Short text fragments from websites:
....................

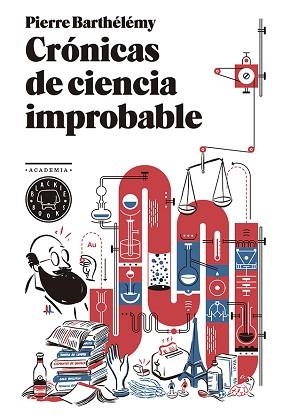 CRÓNICAS DE CIENCIA IMPROBABLE | 9788494258015 | BARTHÉLÉMY, PIERRE | Llibreria Aqualata | Comprar libros en catalán y castellano online | Comprar libros Igualada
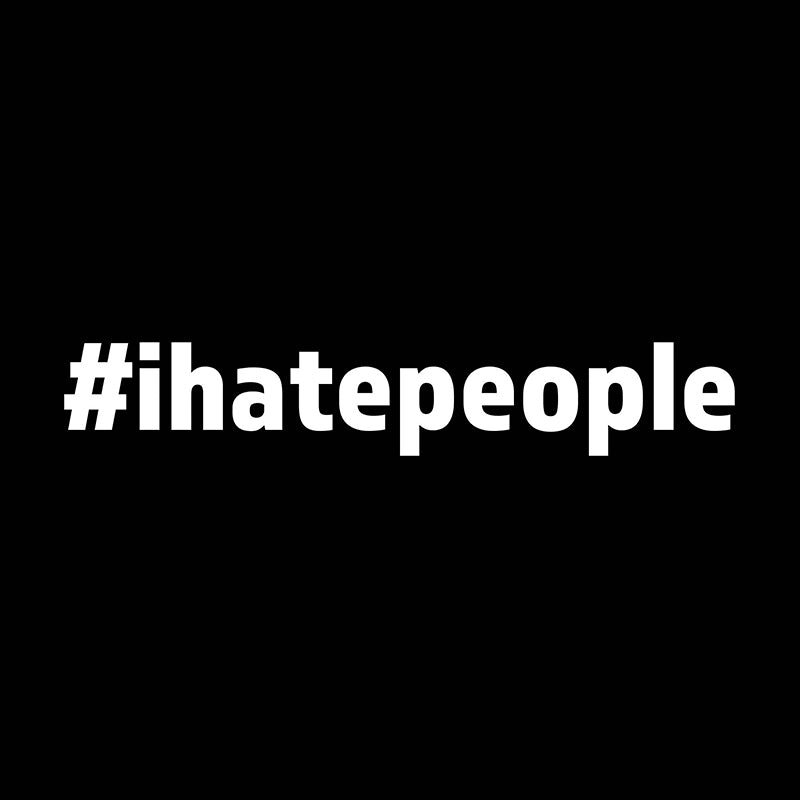 I hate people (#ihatepeople)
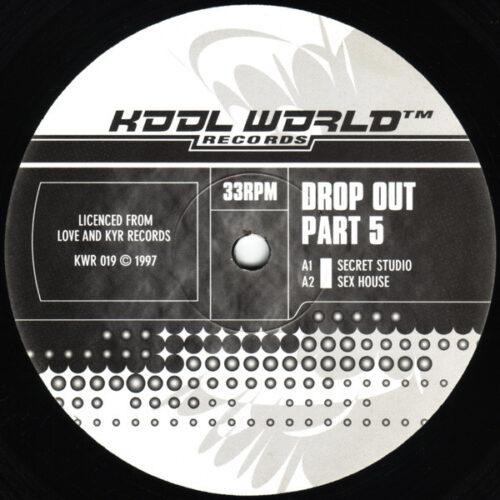 Drop Out - Part 5 (12")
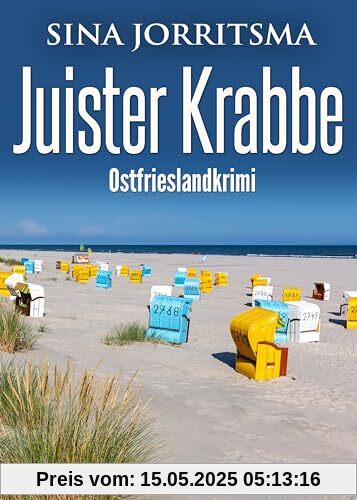 Juister Krabbe. Ostfrieslandkrimi (Witte und Fedder ermitteln)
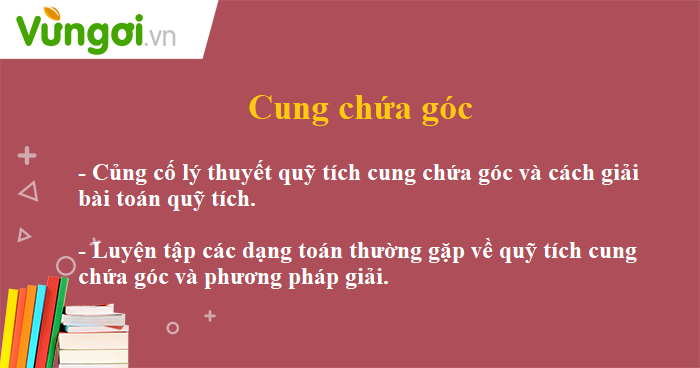 Lý Thuyết Cung Chứa Góc Toán 9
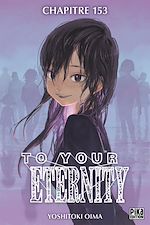 Télécharger le livre :  To Your Eternity Chapitre 153 (1)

....................

Exercise prompt: Each line from the one holding "Lý Thuyết Cung Chứa Góc Toán 9" through the last line of the records above must be duplicated exactly, and pictures must not be.

Reply:
 Lý Thuyết Cung Chứa Góc Toán 9
 Télécharger le livre :  To Your Eternity Chapitre 153 (1)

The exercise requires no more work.